Let \( t \) be the time in minutes after which both vats will contain the same amount of fluid.
For the first vat:
- It starts with 20 gallons and is filling at 1.51 gallons per minute.
- Therefore, the amount of fluid in the first vat after \( t \) minutes, \( V_1(t) \), is: \[ V_1(t) = 20 + 1.51t \]
For the second vat:
- It starts with 120 gallons and is leaking at a rate of 2.5 gallons per minute.
- Therefore, the amount of fluid in the second vat after \( t \) minutes, \( V_2(t) \), is: \[ V_2(t) = 120 - 2.5t \]

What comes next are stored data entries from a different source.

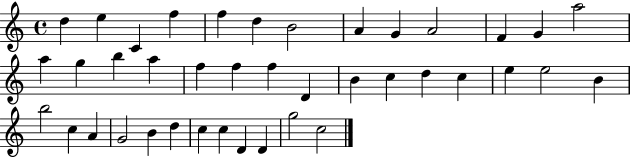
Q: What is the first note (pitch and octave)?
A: D5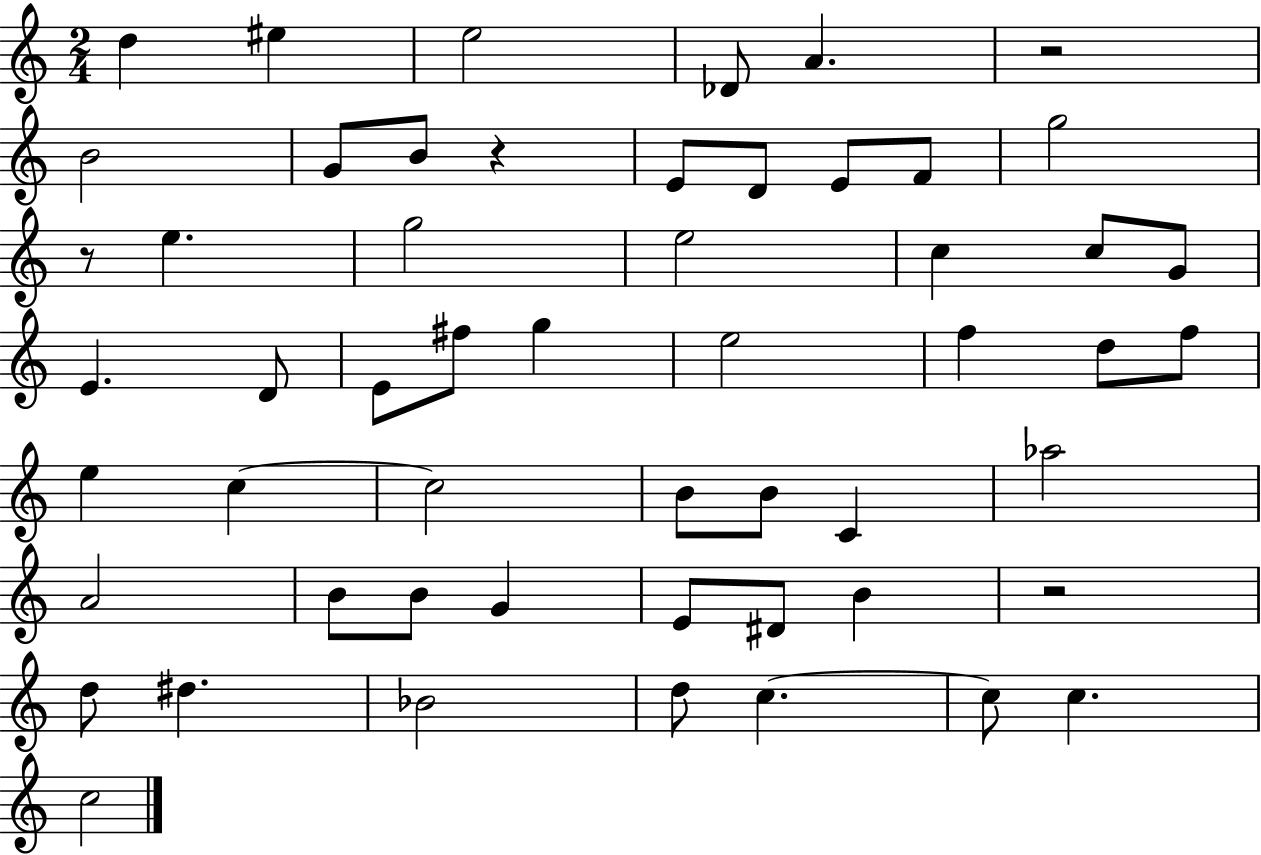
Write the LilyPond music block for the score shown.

{
  \clef treble
  \numericTimeSignature
  \time 2/4
  \key c \major
  d''4 eis''4 | e''2 | des'8 a'4. | r2 | \break b'2 | g'8 b'8 r4 | e'8 d'8 e'8 f'8 | g''2 | \break r8 e''4. | g''2 | e''2 | c''4 c''8 g'8 | \break e'4. d'8 | e'8 fis''8 g''4 | e''2 | f''4 d''8 f''8 | \break e''4 c''4~~ | c''2 | b'8 b'8 c'4 | aes''2 | \break a'2 | b'8 b'8 g'4 | e'8 dis'8 b'4 | r2 | \break d''8 dis''4. | bes'2 | d''8 c''4.~~ | c''8 c''4. | \break c''2 | \bar "|."
}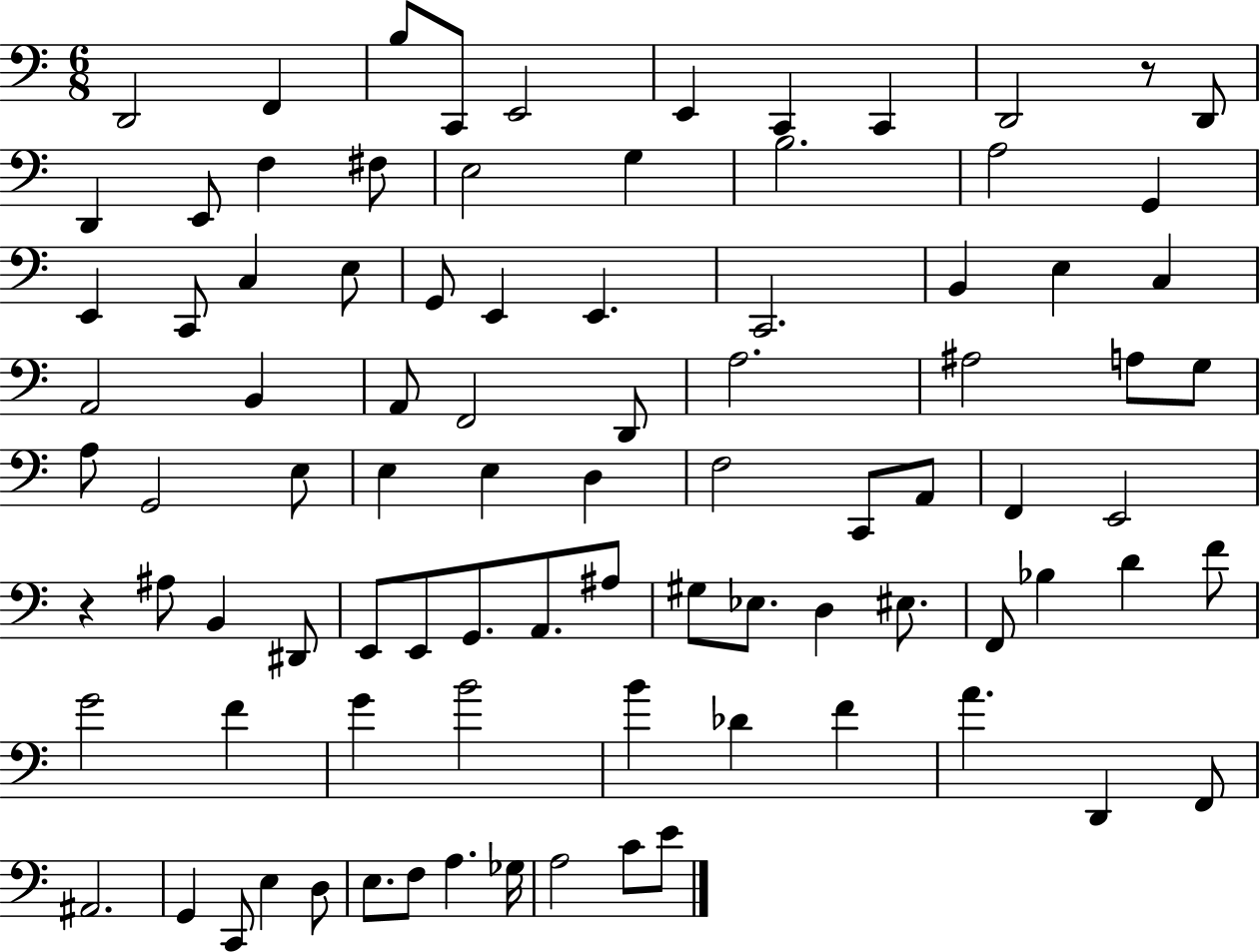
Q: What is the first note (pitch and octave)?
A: D2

We want to find \( t \) such that both vats have the same amount of fluid: \[ V_1(t) = V_2(t) \]
Setting the equations equal to each other: \[ 20 + 1.51t = 120 - 2.5t \]
Now, combine terms: \[ 1.51t + 2.5t = 120 - 20 \] \[ 4.01t = 100 \]
Now, solve for \( t \): \[ t = \frac{100}{4.01} \approx 24.94 \text{ minutes} \]
To convert minutes to seconds: \[ t \approx 24.94 \times 60 \approx 1496.4 \text{ seconds} \]
Thus, after approximately \( \boxed{1496.4} \) seconds, both vats will have the same amount of liquid.